If you read my blog you know absolutely everything there is to know about me. From the depths of my soul to the top of my ego. You know what makes me tick, you know what I'm heavily opinionated about, what makes me cry, and that I battle depression on the constant. But one day recently I was talking about how I'm an open book and had blogged that day on a particularly painful subject and I couldn't bring myself to talk about it. Which started me wondering.... why is it that absolutely no topic is off limits in writing and yet some subjects remain taboo in speaking? I will be the first one to tell you I have no secrets and that I'm an open book. So what is different about allowing you into my over-sharing space of blogging and respecting social boundaries of over-sharing in speaking? Maybe it is just that, social boundaries. Or maybe it is that writing is cathartic and a window to the deepest (and shallowest) parts of me. Maybe its an ego thing where I think the whole world is entitled to my deep thoughts and grandiose insights. Maybe it is just that writing is an extension of me that flows freely. I'm not shy, I'm not awkward and easily intimidated when I'm writing. I'm not the weird kid who randomly blurts out unrelated content. I mean I am. I'm often random in my writing. And I change subjects fluidly. But when I go back and re-read them, they seem to flow. At least to my disheveled mind they do. There are plenty of people out there with disorganized brains who can follow what I write.
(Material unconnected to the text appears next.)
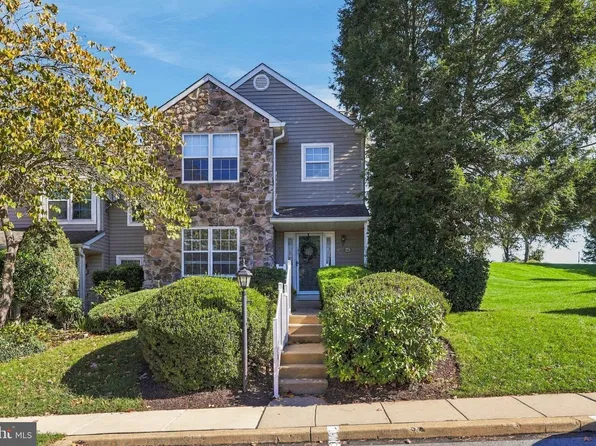 647 Shropshire Dr, West Chester, PA 19382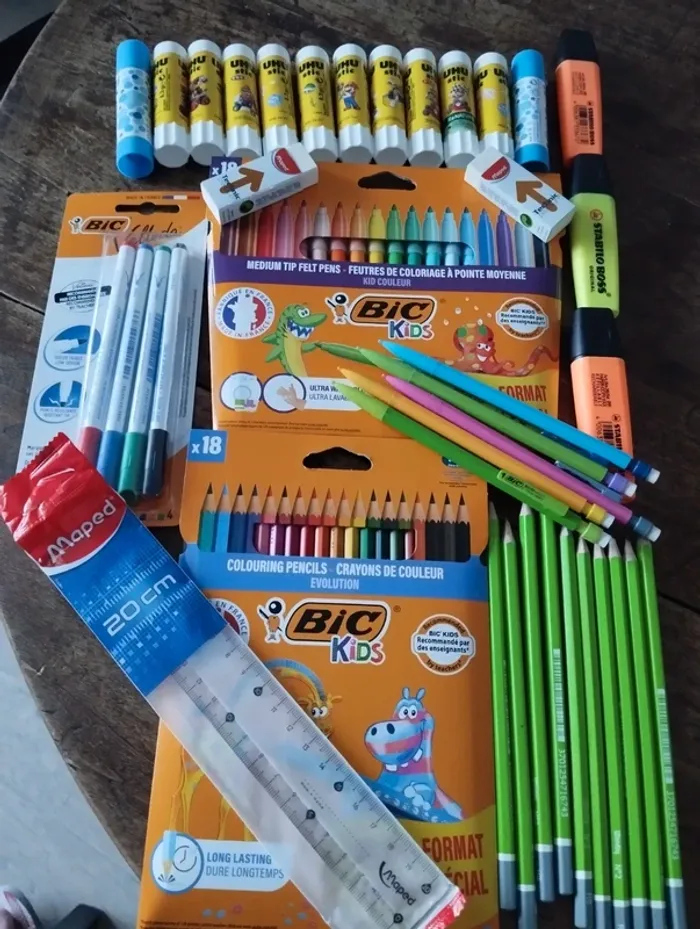 Gros lot fournitures scolaires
My kid says I am a good story teller. So at least some of the writer's brain translates to every day. And as I have been pounding this out on my keyboard I'm coming to realize that I'm glad there's a difference between my speaking self and my writing self. I was once an over-sharer in speaking and I might still be, but not like I am in writing. In writing there's a safe distance. If it makes you uncomfortable for instance, you can stop reading. If I make you uncomfortable in person, we don't always have the option to walk away mid-sentence. I still hold this egotistical belief that what I have to say holds value for other people. That you are somehow better off knowing my intimate thoughts. I think that's not a bad viewpoint as a writer. But I also think it's self-centered and attention seeking at the same time.
Sometimes I HAVE to write. Sometimes my mind won't allow me to move without a data dump, or an emotion dump. I'm just stuck until I spit it out. On some level I realize that this doesn't always mean someone else NEEDS to read what I wrote. But I almost always publish it anyways.
Writing. It's freedom. It's it's own entity. It's essential. and I am still of the belief that it is beneficial to other people in some light.
I haven't read your blog before today, but I found your post very interesting. I think you are right about the difference between sharing in print and talking in person. I am an introvert and one of my strengths is listening. But in listening I often don't get a chance to share. Writing gives me an opportunity.